To Crop or Not To Crop
This is one of my favorite photos, not for any reason in particular, in fact it is somewhat unremarkable, I just happen to like it a lot. The first thing you will notice is that the subject, a Sandhill Crane is in the center of the frame. Yeah, we all know that is a no-no. But what if that bird was not the subject of the picture. What if you treated the background as the subject? And why not, the sky is what brought me to the location in the first place. Treating the background as the main subject makes the bird in the middle ok. The problem is that the bird is also a compelling subject, nice and sharp with the feathers blown out and great form with the feet and legs hinged at a great angle. Truth is that what I was really trying to do was capture the bird between the clouds, that I accomplished. Too bad it is in the middle of the frame. Lets take a look at exactly how that bird wound up dead center.

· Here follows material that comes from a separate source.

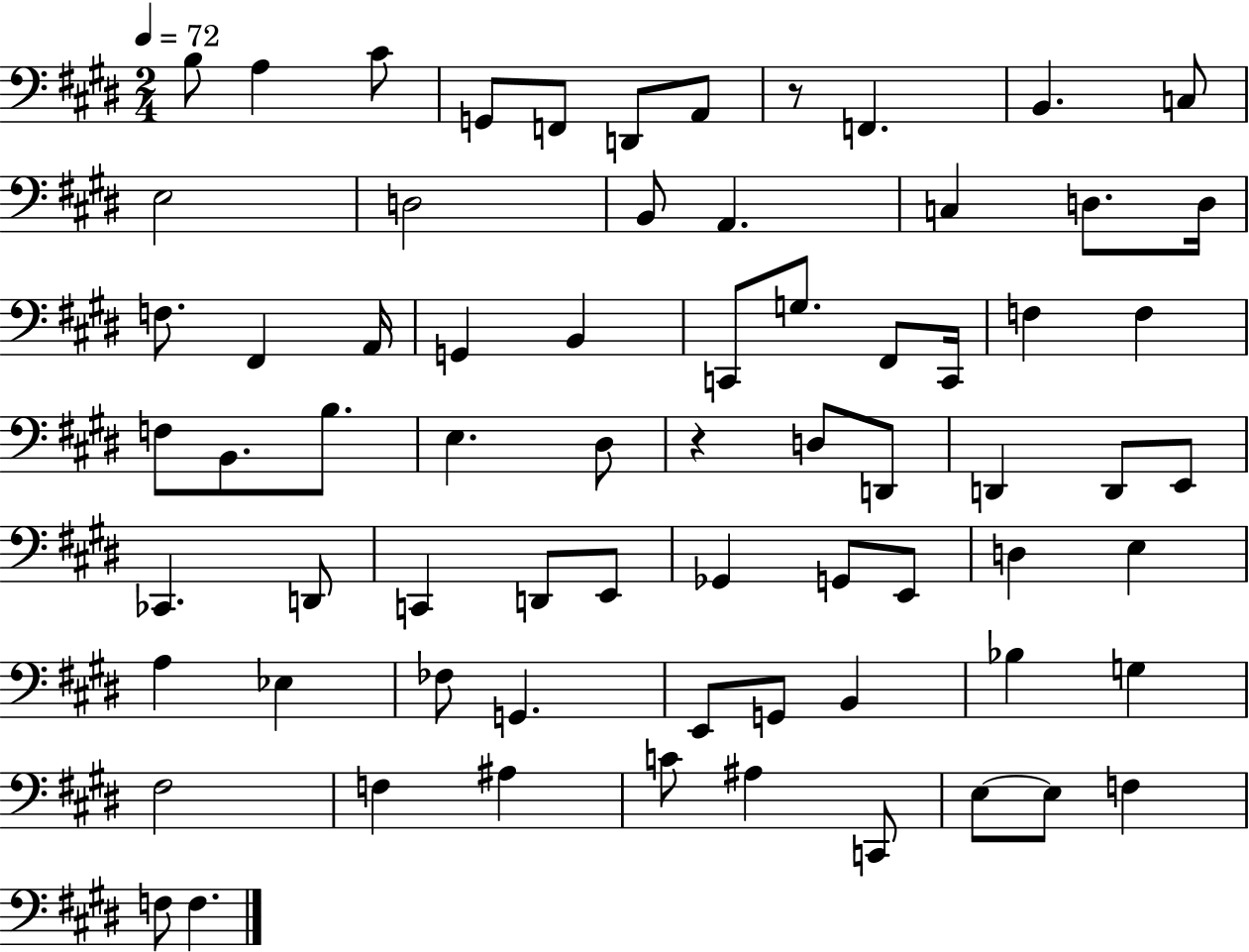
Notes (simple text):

B3/e A3/q C#4/e G2/e F2/e D2/e A2/e R/e F2/q. B2/q. C3/e E3/h D3/h B2/e A2/q. C3/q D3/e. D3/s F3/e. F#2/q A2/s G2/q B2/q C2/e G3/e. F#2/e C2/s F3/q F3/q F3/e B2/e. B3/e. E3/q. D#3/e R/q D3/e D2/e D2/q D2/e E2/e CES2/q. D2/e C2/q D2/e E2/e Gb2/q G2/e E2/e D3/q E3/q A3/q Eb3/q FES3/e G2/q. E2/e G2/e B2/q Bb3/q G3/q F#3/h F3/q A#3/q C4/e A#3/q C2/e E3/e E3/e F3/q F3/e F3/q.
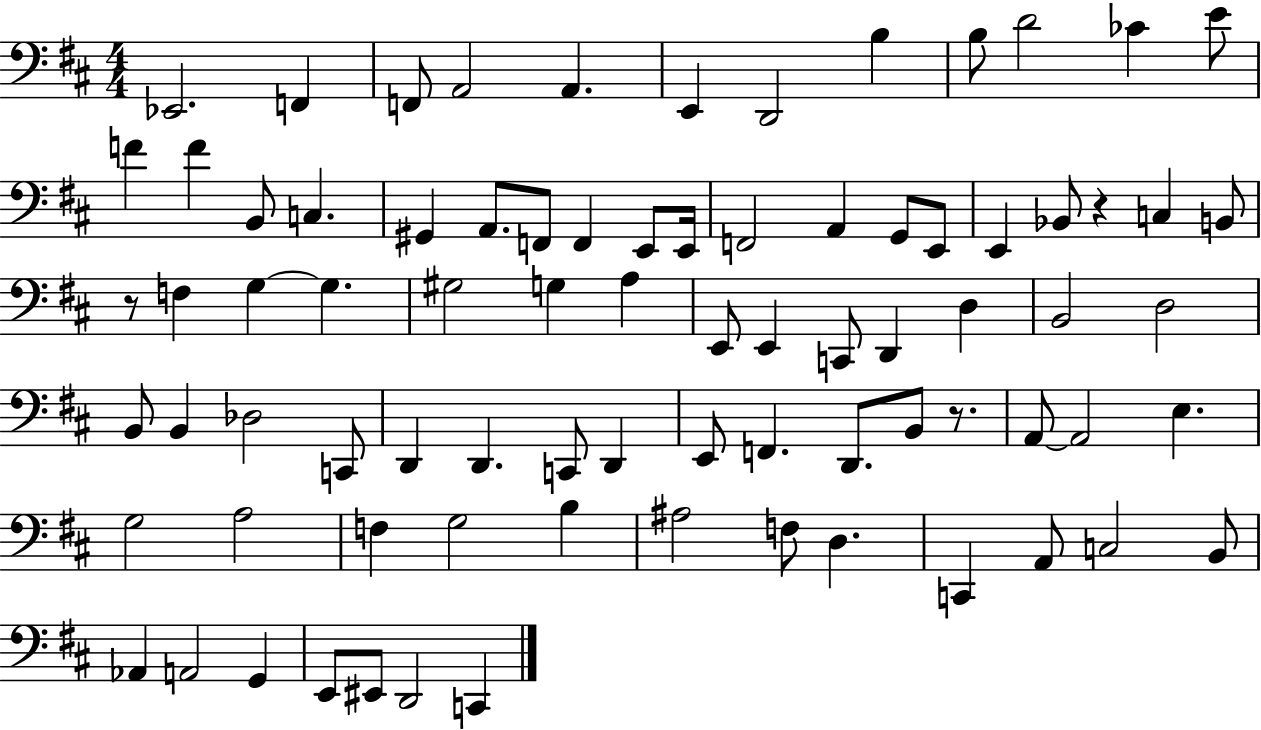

The focus points of most cameras have differing levels of quality and very often the focus point in the center of the frame is one of few “cross” style sensors in the array of focus points. So here is a great flow to try out if you are in a low light situation or using a narrow aperture lens when focus tends to become difficult. Set you focus point dead center but also set the focus lock duration longer than you normally would. With those two elements in place you can acquire focus and have some time to lead the bird a bit before it starts to hunt for a new focus point. Using the burst of three rule you should pick up the number of in focus images but you will also get a larger number of them with the subject in the center of the frame. When you are there, you can always crop if need be.
Next week we will take a walk-through on processing this image, how I got it to where it is and what we can do to turn it into the ideal image with a fantastic background and the subject exactly where you want it.
Until then, have a good one guys.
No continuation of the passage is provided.